One of the crypto sector’s favorite banks, Signature, has a new home

As of Monday (March 20), the former crypto-friendly lender’s doors are open again across its 40 branches. Unfortunately for the digital asset industry, however, the doors to its crypto business look to be permanently shut.

While the Federal Deposit Insurance Corporation (FDIC) denied reports that any buyer of Signature Bank would need to divest its crypto business, the buyer, New York Community Bancorp-owned Flagstar Bank, did anyway. 

This, as the FDIC noted in a press release announcing the sale, that Flagstar Bank’s bid for Signature Bank did not include around $4 billion of deposits tied to the failed institution’s digital banking business. 

“The FDIC will provide these deposits directly to customers whose accounts are associated with the digital banking business,” the agency said in a Sunday (March 19) announcement. 

The shuttering of both Silvergate Bank, which voluntarily liquidated, and Signature Bank, which failed, has made it increasingly difficult for crypto platforms and investors to transfer traditional currencies by closing two critical banking on-ramps for the digital asset industry. 

Read MoreBanking Crisis Contagion Spreads to Crypto

Signature’s Signet platform, which was invaluable to the crypto industry for years — allowing 24/7 real-time payments outside of traditional banking hours — remains under FDIC receivership and subject to later arrangement. It is unclear what plans exist for the platform to come back online as an ongoing service. 

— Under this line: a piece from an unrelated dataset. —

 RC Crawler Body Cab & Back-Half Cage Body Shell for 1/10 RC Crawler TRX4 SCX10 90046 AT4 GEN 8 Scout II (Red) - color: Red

“The FDIC estimates the cost of the failure of Signature Bank to its Deposit Insurance Fund to be approximately $2.5 billion. The exact cost will be determined when the FDIC terminates the receivership,” stated the press release announcing Signature’s sale, which separately highlighted that to mitigate that cost, “the FDIC received equity appreciation rights in New York Community Bancorp, Inc., common stock with a potential value of up to $300 million.”

Unlike Signature, Silicon Valley Bank (SVB) has yet to find a home. The FDIC on Monday (March 20) announced it would hold two separate auctions for SVB’s traditional deposits unit and the lender’s private bank business after failing to find a buyer last week. 

Bidding for SVB’s private bank, which caters primarily to high-net-worth customers, has been extended through Wednesday (March 22), while potential buyers have until Friday (March 24) to submit a bid for the bridge bank. 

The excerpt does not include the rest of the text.